When calling in sick isn’t an option

Presenteeism [prez-uh n-tee-iz-uh m] nounthe practice of coming to work despite illness, injury, anxiety, etc.,often resulting in reduced productivity.

  • On average, presenteeism costs businesses £605 per person each year.
  • 45% of companies state that on average, up to a quarter of their staff comes to work when sick.
  • Presenteeism costs businesses 10 times more than absenteeism.
  • 27 days of productive time per employee are lost each year due to presenteeism.
  • 67% of 18-26-year-olds feel obliged to stay in the workplace longer than their contracted hours.

If you’re not feeling well, you stay home until you feel better. Sounds simple, doesn’t it? However, there are several reasons why people may feel they have to come into work, some include:

  • Not thinking you’re “sick enough” to take time off.
  • Needing to set a “good example” to the rest of the team.
  • Having a heavy workload and nobody to cover.
  • Feeling guilt due to nobody else taking time off.
  • Not being able to financially afford to take time off.

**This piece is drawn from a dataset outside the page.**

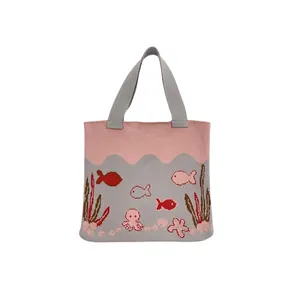 Pink and grey knitted ocean tote bag with fish and octopus patterns on white background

We are very lucky to have statutory sick pay here in the UK. Our employers must pay us £89.35 for every week that we are sick up to 28 weeks. This may only be a fraction of your wages, but it should be enough to know that if you did need to take a week off, you wouldn’t be completely out of pocket.

On average, it takes from 3-7 days to get over the common cold if you’re resting. If you come into work when you have a cold, not only are you less productive, but you’re not recovering and you’re spreading your germs around the office. More people will be getting sick. Just because you’re at work, it doesn’t mean you’re working – so take some time off to rest, your body and maybe even your colleagues will thank you for it!